**** Records for the exercise

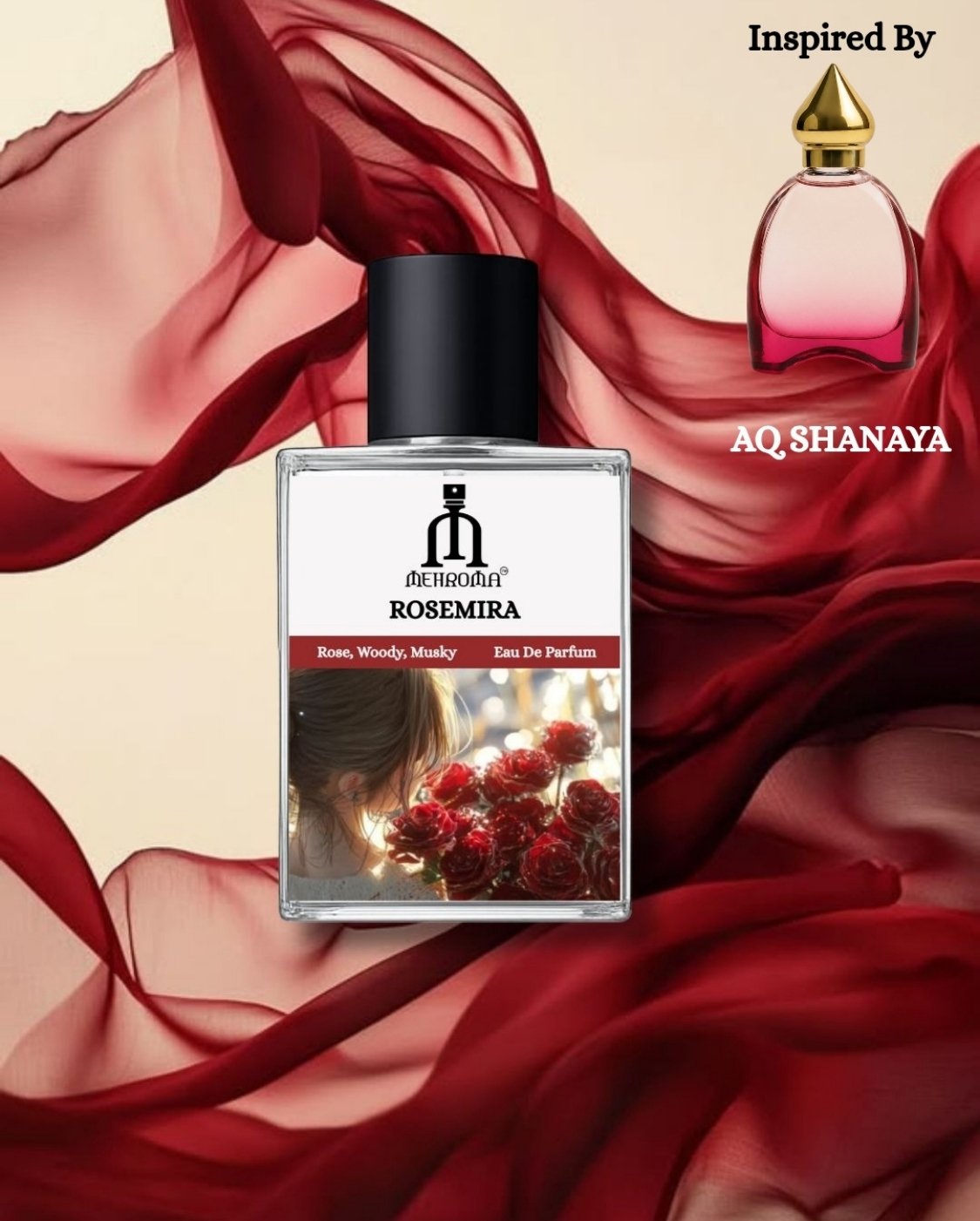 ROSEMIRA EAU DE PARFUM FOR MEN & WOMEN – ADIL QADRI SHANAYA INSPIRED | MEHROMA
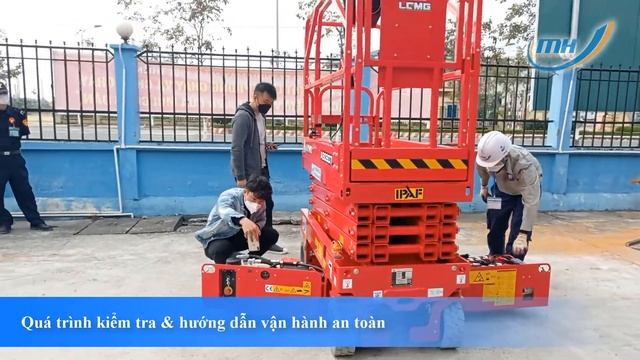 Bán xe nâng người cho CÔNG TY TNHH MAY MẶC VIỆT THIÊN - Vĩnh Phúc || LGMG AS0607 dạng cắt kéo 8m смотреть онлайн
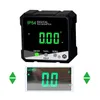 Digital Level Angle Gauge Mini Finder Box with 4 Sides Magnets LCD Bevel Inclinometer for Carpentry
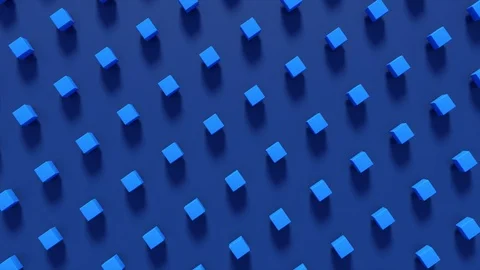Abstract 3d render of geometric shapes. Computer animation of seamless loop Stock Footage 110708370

********
**** Records for the exercise

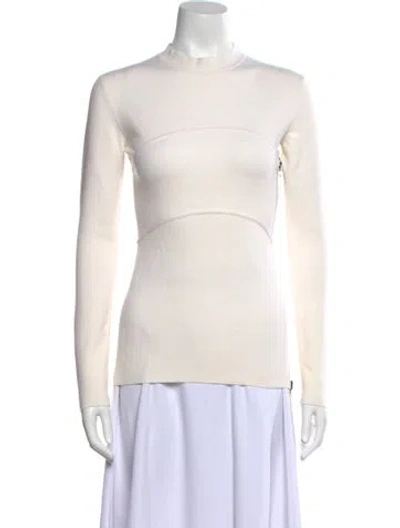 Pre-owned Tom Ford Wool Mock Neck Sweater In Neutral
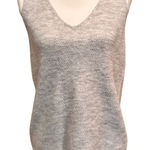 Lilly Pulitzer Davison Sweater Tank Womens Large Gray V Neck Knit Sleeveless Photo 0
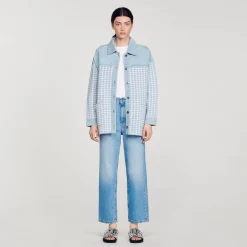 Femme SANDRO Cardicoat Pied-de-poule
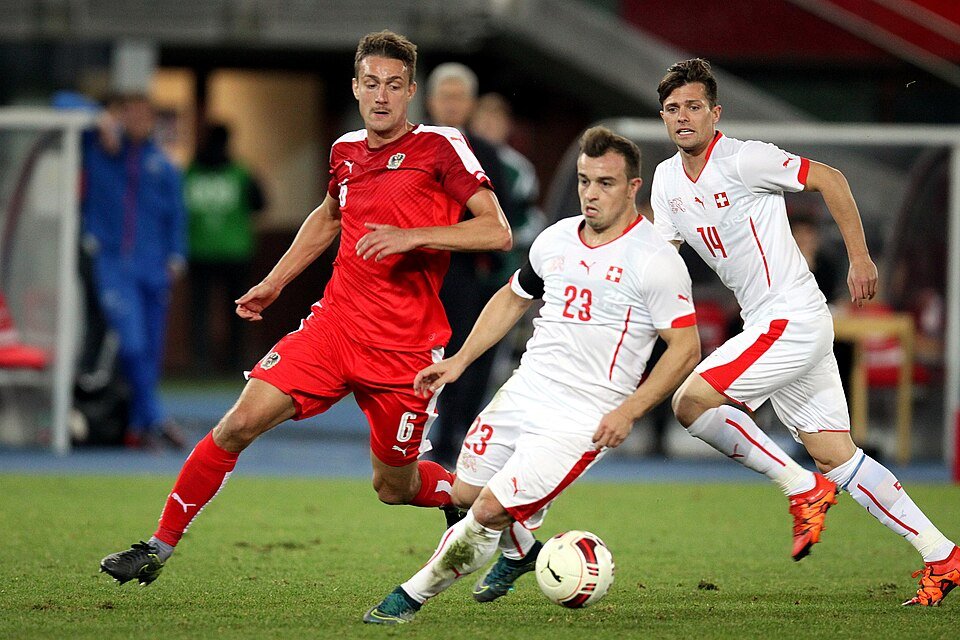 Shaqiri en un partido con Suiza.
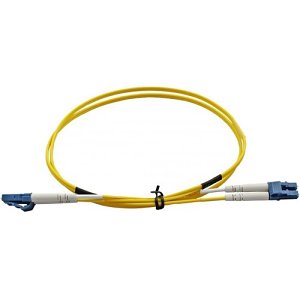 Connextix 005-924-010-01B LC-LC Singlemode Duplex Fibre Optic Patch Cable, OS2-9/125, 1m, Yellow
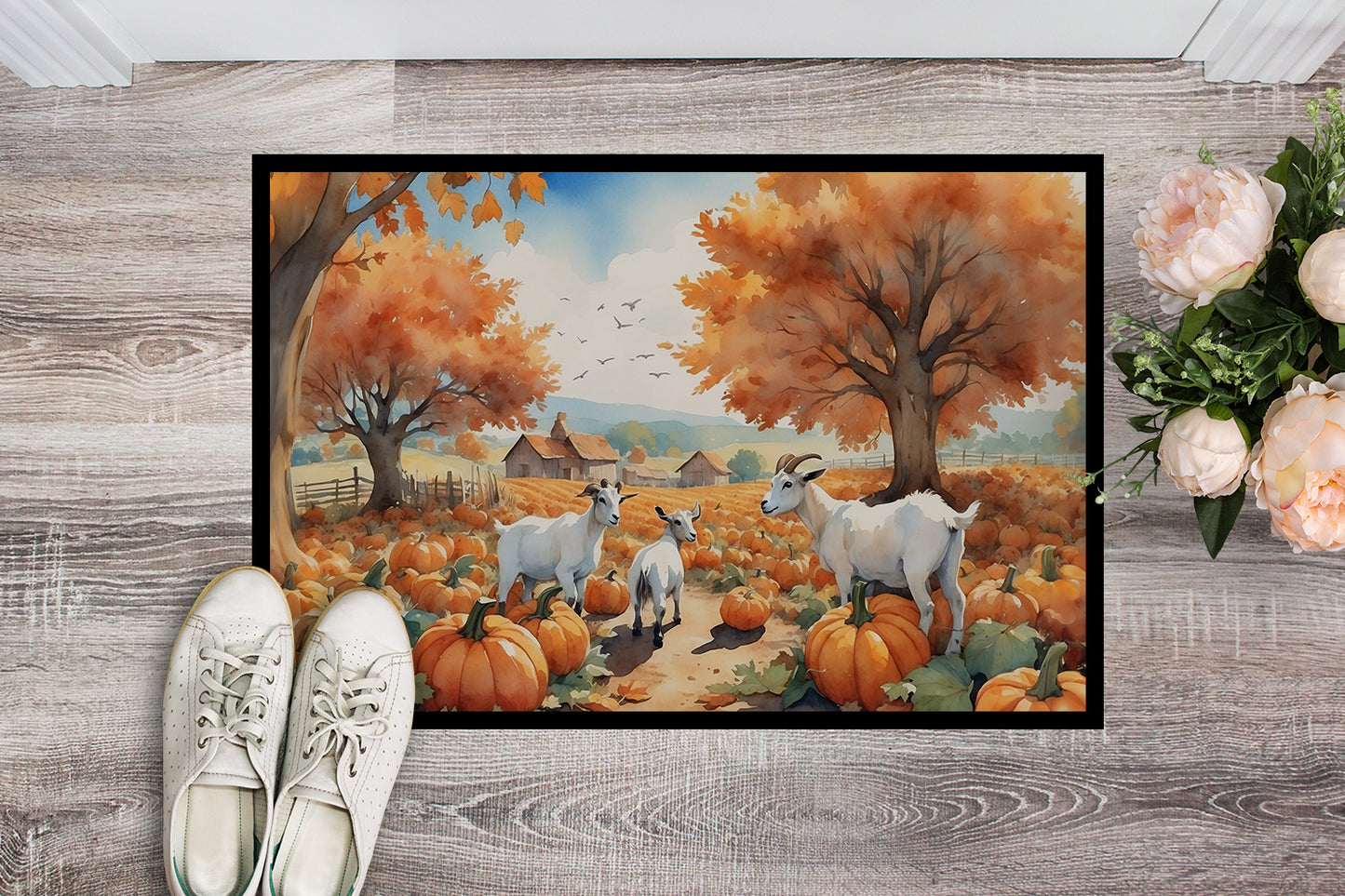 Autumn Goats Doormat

********
**** Records for the exercise

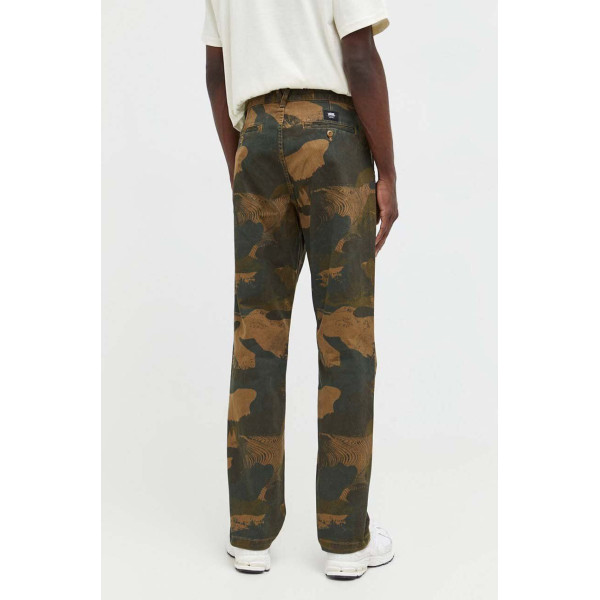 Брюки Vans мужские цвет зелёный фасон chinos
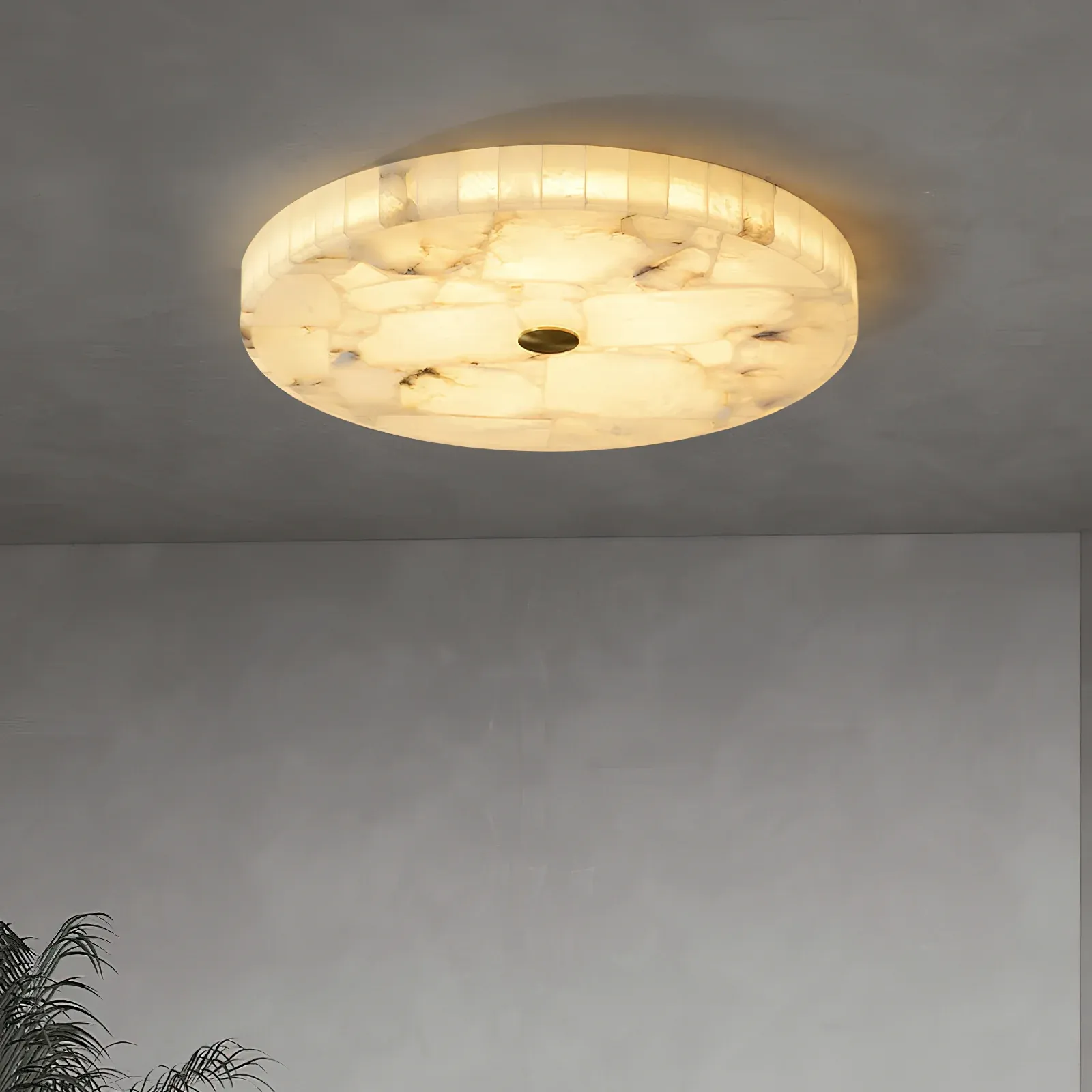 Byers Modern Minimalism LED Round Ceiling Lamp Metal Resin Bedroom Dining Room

********

### Required work
A verbatim reproduction is expected: starting at the line above that has "Digital Level Angle", ending at the line that has "Abstract 3d render", both included, and with no pictures and no other lines.

### Result of this exercise
 Digital Level Angle Gauge Mini Finder Box with 4 Sides Magnets LCD Bevel Inclinometer for Carpentry
Abstract 3d render of geometric shapes. Computer animation of seamless loop Stock Footage 110708370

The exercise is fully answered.